By Steve Pomper
Like most rookie cops, when I was first on the job, I did a lot more traffic enforcement than I did later in my career. Generally, the more years on the department, the fewer traffic stops a patrol officer will do. But, with all the talk of equity, these days, I recall some subtle ancillary issues I used to think about.
As I became experienced dealing with gang members, drug dealers, and other career criminals, I wondered about the “equity” in how cops and prosecutors used their discretion. I realized there are always trade-offs and finding balance in law enforcement, but to what end? For example, most ordinary people will never have a warrant issued for their arrest. Gang members, drug dealers, and career criminals often have outstanding warrants.
When investigating people for suspicious activity or suspected crimes, officers may learn a person has a warrant. If it was a felony warrant, the officer will nearly always make an arrest. Same if it were a high bail or domestic violence misdemeanor warrant.
However, with low bail misdemeanor warrants, sometimes officers can use the threat of arrest as leverage to gather information or gain cooperation. In these cases, officers may give a person a chance to clear his or her warrant themselves.

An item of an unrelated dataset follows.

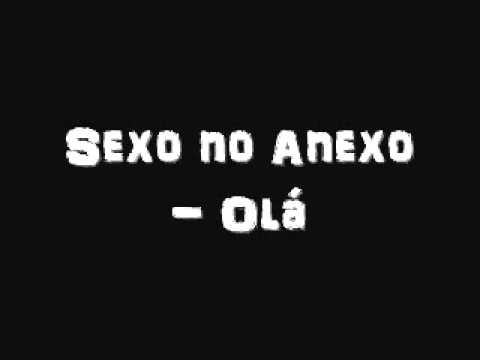 Sexo no Anexo - Olá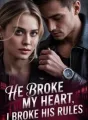 He Broke My Heart, I Broke His Rules cover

If they’re stopped again and still have the warrant, off to the pokey they go.
This is where equity comes in, though. I thought about how, after giving a criminal a “break” on a small warrant, officers would make traffic stops and sometimes issue expensive citations to normally law-abiding people. The criminal gets a warning, but the ordinary citizen does not.
Now, just because cops let some criminals off for small warrants doesn’t mean a driver committing a traffic infraction doesn’t—pardon the pun—warrant a citation. If the violation involved dangerous driving, cite away. But, with minor infractions, where’s the equity? Where’s the balance? I’m not saying I know the answer. But since everyone’s talking about equity, I just noticed this inequity. Today, the inequities are worse, but not in the way the Left thinks.
For example, the city of Seattle issues this insulting notice to victims of vandalism: “The City of Seattle has noticed illegal graffiti at the above-listed address.
“Despite Seattle being a beautiful place to call home, Graffiti [sic] is becoming a serious problem facing our city. It’s not only destructive; it makes citizens feel less secure and lowers property values. Taking prompt, proactive steps to report and remove graffiti is the best way to prevent it from occurring in your community and will help keep our city clean.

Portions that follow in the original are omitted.